F. That shit was fun.


----------



## BingBong (Jun 23, 2020)

I enjoyed being able to shitpost and have people actually see it.


----------



## Justtocheck (Jun 23, 2020)

F in the chat


----------



## Robert James (Jun 23, 2020)

F  

Probably one of my favorite moments on the farms, autism and larping wrapped into on glorious garden.


----------



## Ponchik (Jun 23, 2020)




----------



## Orion Balls (Jun 23, 2020)

I'll pour some cold brewed Mason jar coffee out for the garden.

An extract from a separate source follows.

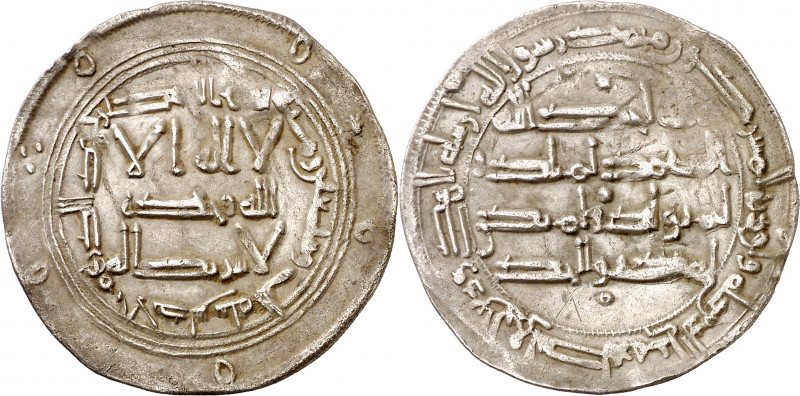 Emirato Independiente. AH 173. Hixem I. Al Andalus. Dirhem. (V. 71) (Fro. anv. 8...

Is it okay if I pour it out on the garden?


----------



## FluffyTehFennekin (Jun 23, 2020)

F


----------



## Massa's Little Buckie (Jun 23, 2020)

F. We didn't water it enough.


----------



## ProgKing of the North (Jun 23, 2020)

Deleting it cost me some nice Internet stickers! Curse you Null!


----------



## PhoBingas (Jun 24, 2020)

F
It was me who stole the bathroom door.


----------



## корона-тян (Jun 25, 2020)

F


----------



## Cardboard Box Mountain (Jun 25, 2020)

F


----------



## Army Burger (Jun 25, 2020)

*F*


----------



## Rafal Gan Ganowicz (Jun 25, 2020)

Orion Balls said:


> I'll pour some cold brewed Mason jar coffee out for the garden. Is it okay if I pour it out on the garden?


Only if it's black and bitter


----------



## gobbogobb (Jun 25, 2020)

The garden was in the ‘leak’ so have fun


----------



## AnaV (Jun 25, 2020)

gobbogobb said:


> The garden was in the ‘leak’ so have fun


The true meaning of the hack, some autist just wanted his garden posts.


----------



## Army Burger (Jun 25, 2020)

Theme music


----------



## The Un-Clit (Jun 27, 2020)

Ain't gonna lie, that was a fun little forum.

It felt like old-school b/ or even the long departed and sadly missed Sam DeathWalker's Everquest Sullon Zek (PvP server) forum which was full of non-stop shitposting 24/7 or else raiding (jihad!) and hijacking other EZboard forums because they had THE shittiest website code ever seen even at the end of the web 1.0 era.  The simplest script would overflow the works and let invaders take over and utterly fuck up a forum until EZboard corp. could overwrite the broken sitecode.

Good times, good times.


----------



## Stilgar of Troon (Jun 27, 2020)

The Garden was an Extinction Level Event explosion of autism.

It was also fucking glorious and fleeting, like most wonderful things.


----------